Cómo leer. Cómo escribir. En un culo de mundo, en la playa desierta de Cosón, en la península de Samaná —al noroeste de La Española— cuando entra por twitter la hambruna en el cuerno de África y la bancarrota de Europa. Los pobres mueren de hambre y los ricos tiemblan de miedo mientras que el resto de mortales decididos a seguir respirando apoltronamos la incertidumbre en el sofá. Mejor dicho, en la hamaca a rayas sujetada entre dos cocoteros, metáfora perfecta del escapismo. Entre sus pliegues románticos acecha la bicha. El remordimiento judeocristiano que beato y certero anuncia lo que nos espera al regresar. Cómo leer. Cómo escribir. Ni un alma en la playa. Aquí llueve más que en Punta Cana y no se practica el todo incluido. Moverte en motoconcho cuesta tres dólares la hora pero en el supermercado Lindo venden burdeos embotellado por Robuchon y botellas de la Veuve Clicqot. Un aire decadente sobrevuela las noticias. Y por las peleas de gallos que se gastan en un chamizo llamado centro deportivo.

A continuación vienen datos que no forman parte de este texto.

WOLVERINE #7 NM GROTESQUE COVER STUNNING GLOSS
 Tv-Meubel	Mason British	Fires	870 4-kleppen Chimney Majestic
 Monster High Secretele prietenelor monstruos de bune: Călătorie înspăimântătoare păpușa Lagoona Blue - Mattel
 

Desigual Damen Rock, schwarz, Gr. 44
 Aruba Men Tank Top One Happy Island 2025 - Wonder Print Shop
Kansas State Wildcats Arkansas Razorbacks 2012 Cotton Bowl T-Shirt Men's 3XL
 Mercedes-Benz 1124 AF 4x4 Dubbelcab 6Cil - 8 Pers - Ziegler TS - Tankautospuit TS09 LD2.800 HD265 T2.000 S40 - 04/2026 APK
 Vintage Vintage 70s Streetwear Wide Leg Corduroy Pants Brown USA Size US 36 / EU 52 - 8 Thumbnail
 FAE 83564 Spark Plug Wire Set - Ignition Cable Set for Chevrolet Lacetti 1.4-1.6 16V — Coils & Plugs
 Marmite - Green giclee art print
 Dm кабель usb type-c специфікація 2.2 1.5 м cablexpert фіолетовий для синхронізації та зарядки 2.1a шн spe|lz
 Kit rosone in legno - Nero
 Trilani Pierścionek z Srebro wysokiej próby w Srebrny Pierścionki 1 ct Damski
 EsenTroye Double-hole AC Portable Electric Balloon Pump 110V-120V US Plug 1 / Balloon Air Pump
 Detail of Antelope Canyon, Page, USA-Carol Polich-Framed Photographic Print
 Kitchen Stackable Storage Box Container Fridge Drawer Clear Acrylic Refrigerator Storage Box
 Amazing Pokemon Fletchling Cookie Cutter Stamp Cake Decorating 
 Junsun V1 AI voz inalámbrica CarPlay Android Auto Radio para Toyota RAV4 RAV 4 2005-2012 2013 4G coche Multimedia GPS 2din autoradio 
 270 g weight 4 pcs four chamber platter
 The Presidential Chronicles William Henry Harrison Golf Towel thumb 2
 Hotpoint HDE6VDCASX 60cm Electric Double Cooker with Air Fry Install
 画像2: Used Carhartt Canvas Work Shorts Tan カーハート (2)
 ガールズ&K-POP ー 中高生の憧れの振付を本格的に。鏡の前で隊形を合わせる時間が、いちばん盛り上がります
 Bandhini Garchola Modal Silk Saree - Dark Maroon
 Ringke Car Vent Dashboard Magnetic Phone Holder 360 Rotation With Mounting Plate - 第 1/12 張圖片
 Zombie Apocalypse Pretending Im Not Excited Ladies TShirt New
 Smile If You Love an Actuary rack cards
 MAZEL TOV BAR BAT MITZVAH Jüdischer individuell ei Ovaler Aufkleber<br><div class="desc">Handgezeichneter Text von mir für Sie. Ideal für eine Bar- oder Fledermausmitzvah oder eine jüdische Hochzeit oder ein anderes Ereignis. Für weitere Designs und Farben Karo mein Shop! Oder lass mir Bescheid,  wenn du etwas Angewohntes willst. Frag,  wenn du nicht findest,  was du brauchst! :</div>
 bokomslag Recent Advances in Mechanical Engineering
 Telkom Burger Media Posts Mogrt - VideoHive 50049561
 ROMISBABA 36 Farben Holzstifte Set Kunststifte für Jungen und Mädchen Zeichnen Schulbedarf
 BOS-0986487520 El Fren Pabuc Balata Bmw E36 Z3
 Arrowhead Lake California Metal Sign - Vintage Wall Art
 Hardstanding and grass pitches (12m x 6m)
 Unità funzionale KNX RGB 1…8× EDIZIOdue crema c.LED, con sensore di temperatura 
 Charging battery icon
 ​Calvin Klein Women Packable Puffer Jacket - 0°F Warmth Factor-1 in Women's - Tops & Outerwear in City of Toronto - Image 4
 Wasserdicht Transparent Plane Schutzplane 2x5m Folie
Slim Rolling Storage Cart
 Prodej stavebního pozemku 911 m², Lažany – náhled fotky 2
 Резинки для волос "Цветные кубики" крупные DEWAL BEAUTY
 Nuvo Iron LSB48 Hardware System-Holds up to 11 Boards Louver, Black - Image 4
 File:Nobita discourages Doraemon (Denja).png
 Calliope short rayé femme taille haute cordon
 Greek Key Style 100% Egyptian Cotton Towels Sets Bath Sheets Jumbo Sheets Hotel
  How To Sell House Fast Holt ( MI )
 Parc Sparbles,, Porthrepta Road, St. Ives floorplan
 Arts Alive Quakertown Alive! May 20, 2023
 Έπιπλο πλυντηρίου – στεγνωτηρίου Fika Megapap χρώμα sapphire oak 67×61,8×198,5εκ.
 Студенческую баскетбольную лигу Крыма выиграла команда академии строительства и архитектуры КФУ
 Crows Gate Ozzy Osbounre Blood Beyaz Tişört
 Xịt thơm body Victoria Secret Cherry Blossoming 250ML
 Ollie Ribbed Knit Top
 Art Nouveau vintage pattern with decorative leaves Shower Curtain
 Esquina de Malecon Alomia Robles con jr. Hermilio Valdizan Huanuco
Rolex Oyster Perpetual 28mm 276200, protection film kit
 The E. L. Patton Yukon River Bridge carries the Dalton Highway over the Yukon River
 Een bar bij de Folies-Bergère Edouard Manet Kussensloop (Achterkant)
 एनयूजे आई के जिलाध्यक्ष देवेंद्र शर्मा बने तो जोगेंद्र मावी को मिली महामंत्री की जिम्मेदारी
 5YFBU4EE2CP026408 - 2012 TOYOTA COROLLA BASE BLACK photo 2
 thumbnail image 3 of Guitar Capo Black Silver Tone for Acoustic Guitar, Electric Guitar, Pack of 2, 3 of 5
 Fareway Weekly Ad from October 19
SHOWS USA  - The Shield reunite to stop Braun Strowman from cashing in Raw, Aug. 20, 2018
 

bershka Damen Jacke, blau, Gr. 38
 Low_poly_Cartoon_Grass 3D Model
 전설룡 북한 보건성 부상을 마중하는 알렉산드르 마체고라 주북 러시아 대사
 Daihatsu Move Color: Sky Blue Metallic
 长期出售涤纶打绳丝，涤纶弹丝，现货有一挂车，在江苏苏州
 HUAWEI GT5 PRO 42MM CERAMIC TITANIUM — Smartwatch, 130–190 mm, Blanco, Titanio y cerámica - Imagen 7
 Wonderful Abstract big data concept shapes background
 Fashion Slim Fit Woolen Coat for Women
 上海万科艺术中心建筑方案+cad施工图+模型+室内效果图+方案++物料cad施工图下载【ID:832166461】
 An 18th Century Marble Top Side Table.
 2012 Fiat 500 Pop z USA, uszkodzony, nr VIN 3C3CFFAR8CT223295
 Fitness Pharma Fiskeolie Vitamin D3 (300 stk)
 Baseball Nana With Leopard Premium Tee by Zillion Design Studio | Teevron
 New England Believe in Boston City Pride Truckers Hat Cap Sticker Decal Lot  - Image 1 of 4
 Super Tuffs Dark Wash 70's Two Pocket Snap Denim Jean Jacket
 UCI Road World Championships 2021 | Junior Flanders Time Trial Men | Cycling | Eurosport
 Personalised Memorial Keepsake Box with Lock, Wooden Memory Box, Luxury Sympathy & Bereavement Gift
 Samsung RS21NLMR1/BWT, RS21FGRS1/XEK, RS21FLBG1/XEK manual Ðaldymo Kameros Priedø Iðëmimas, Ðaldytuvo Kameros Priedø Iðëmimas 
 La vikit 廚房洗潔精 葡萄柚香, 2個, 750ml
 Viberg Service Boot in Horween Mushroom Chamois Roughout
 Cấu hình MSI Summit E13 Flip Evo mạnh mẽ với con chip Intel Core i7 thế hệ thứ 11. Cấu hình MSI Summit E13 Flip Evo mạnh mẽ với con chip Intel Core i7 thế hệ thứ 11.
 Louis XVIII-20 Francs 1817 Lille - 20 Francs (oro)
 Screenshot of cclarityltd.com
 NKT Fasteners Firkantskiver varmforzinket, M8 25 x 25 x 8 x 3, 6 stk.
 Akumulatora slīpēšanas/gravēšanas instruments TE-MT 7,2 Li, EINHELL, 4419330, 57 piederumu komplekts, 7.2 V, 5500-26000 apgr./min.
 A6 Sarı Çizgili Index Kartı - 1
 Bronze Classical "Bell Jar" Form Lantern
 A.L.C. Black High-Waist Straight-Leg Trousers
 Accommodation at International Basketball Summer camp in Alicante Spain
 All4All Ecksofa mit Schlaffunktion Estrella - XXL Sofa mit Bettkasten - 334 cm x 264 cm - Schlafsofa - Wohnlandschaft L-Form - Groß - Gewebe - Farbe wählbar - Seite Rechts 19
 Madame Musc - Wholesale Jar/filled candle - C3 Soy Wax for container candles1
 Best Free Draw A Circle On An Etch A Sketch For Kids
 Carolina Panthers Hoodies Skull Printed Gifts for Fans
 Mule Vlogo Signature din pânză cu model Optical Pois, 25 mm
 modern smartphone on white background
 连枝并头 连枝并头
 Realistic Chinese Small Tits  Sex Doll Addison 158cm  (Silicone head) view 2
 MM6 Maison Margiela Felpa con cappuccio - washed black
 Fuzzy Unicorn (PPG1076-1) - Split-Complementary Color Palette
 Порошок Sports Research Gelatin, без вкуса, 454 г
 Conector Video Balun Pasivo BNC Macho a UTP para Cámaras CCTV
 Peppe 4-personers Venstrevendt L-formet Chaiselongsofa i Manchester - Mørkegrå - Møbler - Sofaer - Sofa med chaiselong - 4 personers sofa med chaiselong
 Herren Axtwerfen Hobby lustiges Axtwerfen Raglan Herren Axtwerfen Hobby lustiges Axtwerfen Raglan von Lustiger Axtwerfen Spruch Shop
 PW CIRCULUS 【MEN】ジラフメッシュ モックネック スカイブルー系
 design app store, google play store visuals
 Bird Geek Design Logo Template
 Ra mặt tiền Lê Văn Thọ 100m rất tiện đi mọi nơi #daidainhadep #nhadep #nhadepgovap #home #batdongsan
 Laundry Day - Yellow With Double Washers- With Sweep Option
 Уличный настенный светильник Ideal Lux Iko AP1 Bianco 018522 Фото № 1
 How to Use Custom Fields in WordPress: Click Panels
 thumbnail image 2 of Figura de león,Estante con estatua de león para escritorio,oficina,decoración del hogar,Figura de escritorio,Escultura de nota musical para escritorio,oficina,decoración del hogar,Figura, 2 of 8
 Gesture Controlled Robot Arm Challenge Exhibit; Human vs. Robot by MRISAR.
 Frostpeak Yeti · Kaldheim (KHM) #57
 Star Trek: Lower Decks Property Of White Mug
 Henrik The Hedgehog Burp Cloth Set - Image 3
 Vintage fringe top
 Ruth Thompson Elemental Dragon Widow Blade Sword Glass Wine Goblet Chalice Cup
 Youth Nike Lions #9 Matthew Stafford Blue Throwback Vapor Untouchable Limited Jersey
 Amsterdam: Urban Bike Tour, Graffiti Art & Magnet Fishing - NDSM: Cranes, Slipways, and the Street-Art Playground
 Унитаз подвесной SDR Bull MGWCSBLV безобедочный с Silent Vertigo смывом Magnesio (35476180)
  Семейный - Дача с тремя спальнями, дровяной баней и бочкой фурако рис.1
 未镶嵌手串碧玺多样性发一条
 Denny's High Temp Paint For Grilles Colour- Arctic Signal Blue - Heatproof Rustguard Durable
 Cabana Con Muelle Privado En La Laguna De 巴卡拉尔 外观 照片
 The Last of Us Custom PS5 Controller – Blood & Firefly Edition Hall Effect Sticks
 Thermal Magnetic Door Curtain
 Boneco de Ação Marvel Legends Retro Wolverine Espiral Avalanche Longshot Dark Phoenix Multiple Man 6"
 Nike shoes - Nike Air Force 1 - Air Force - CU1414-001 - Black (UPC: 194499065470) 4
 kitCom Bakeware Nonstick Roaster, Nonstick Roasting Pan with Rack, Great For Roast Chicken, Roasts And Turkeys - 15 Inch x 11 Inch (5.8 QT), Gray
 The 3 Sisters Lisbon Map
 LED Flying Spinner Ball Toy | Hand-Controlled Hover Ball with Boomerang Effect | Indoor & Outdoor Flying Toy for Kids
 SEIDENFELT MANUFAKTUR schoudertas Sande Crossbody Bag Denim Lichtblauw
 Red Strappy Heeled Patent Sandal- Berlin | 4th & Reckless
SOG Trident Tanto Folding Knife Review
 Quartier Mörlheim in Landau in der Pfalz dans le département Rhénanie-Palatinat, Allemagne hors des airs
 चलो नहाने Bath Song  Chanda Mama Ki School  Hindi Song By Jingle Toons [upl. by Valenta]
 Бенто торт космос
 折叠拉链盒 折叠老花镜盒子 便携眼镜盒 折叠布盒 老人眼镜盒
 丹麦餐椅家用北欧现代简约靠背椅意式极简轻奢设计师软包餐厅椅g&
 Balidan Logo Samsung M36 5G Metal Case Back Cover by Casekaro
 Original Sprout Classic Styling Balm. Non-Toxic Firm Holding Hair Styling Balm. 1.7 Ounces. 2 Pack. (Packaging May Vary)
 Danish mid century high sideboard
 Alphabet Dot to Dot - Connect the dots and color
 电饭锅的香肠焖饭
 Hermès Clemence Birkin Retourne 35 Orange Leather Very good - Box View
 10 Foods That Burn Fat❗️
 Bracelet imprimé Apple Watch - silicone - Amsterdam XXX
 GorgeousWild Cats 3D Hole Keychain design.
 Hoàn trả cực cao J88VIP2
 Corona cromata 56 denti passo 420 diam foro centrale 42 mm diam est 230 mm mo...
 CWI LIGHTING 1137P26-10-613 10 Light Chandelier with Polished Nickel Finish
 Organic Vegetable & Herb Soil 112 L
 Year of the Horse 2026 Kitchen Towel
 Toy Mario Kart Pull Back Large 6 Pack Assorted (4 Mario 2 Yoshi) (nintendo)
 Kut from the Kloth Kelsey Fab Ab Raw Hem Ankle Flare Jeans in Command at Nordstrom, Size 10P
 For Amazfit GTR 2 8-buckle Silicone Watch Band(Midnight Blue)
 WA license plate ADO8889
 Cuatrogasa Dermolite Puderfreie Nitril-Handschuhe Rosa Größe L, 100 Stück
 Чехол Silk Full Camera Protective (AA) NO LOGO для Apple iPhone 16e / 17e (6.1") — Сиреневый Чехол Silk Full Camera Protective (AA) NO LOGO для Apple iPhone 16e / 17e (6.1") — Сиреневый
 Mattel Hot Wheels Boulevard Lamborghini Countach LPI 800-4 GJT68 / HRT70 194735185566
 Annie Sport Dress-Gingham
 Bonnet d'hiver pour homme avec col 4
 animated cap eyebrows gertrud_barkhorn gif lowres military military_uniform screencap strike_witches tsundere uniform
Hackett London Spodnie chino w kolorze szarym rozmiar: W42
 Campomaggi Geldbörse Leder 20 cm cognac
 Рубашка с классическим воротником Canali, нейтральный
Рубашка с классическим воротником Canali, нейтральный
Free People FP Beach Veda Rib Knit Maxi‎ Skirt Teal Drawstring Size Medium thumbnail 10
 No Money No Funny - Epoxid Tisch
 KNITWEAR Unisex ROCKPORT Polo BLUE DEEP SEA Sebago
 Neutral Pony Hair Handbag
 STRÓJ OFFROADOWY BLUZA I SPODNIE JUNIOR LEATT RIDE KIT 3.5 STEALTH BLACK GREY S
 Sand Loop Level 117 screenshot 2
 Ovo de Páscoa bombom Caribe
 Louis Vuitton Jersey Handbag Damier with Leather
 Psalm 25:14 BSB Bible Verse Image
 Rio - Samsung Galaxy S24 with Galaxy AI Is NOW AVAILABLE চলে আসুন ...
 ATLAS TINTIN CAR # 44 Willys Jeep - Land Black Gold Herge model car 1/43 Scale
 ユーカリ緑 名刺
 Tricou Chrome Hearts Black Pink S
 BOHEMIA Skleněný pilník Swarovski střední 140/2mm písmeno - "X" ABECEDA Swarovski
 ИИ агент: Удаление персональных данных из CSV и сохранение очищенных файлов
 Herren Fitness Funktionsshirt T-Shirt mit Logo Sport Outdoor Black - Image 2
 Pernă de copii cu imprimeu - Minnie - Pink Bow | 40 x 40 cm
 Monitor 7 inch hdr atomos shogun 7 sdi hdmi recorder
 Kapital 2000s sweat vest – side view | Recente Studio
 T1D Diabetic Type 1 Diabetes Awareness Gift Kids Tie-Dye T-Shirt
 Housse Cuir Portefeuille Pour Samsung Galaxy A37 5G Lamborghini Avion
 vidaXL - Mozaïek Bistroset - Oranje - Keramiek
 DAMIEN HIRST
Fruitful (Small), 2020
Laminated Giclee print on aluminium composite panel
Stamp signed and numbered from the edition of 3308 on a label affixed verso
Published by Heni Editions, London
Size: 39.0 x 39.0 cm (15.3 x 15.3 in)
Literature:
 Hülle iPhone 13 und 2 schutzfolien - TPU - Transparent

La campaña electoral derrocha creatividad: «Llegó papá» anuncia sin sonrojo Hipólito Mejía, candidato a la presidencia de República Dominicana —un ignorante, dicen los morenos, que cuando gobernó le escondió al pueblo el arroz—. Pervive la sombra de Balaguer, de Trujillo, las mártires, las hermanas Mirabal de quienes los niños aprenden sus nombres en la escuela, del indio taino que se levantó contra Colón en las cuevas de los Haitises pero acabó traicionado por su amante, que lo entregó a los españoles, y fue debidamente llorado por su esposa Anacaona. Mi familia aprende rápidamente su nombre, cómo no, igual que el de la ciclona que amenazó con aterrorizarnos hace unos días, Emily. Todo quedó en una tormentita tropical. Pero dejó una legión de mosquitos gobernando el paraíso. Los jejenes sólo pican a los blancos. Pasan de largo entre los pescadores que venden sus camarones sobre la arena y las prostitutas haitianas se dejan abandonar por el amanecer. Hay un Caribe colonial y melancólico que nada tiene que ver con sus aguas turquesa. Borrachos de ron en la calle, lunas plateando sobre el mar como un H. Stern.

Qué leer aquí sino franceses. Entretenerme tanto con Beigbeder y Houellebecq, una atractiva pareja que se cita en sus libros. En Las Terrenas, María, negra prieta y madre de seis hijos, gana diez dólares al día limpiando hoteles y villas construidos por franceses. Dominicanos chapurreando el francés en Chez Sandro y sirviendo el chillo al horno. Franceses bailando la bachata en La Bodega. Y esa exuberante concentración de palmeras en la playa desierta. Mi amol, bonsoir.

Publicado en Mi Smythson

2 comentarios

  1. Puedo sentir el picor de las ronchas causadas por los mosquitos. Buen relato. Capturas esa amalgama de alegría, dolor, esplendor y decadencia tan propios del caribe.
    Una precisión: La cacica se llamaba Anacaona no anacaoba.

  2. Gracias Juan Carlos por la corrección: el nombre correcto es Anacaona, disculpad el lapsus. Y felicidades por tu web: “una reflexión policromática del desarrollo humano”.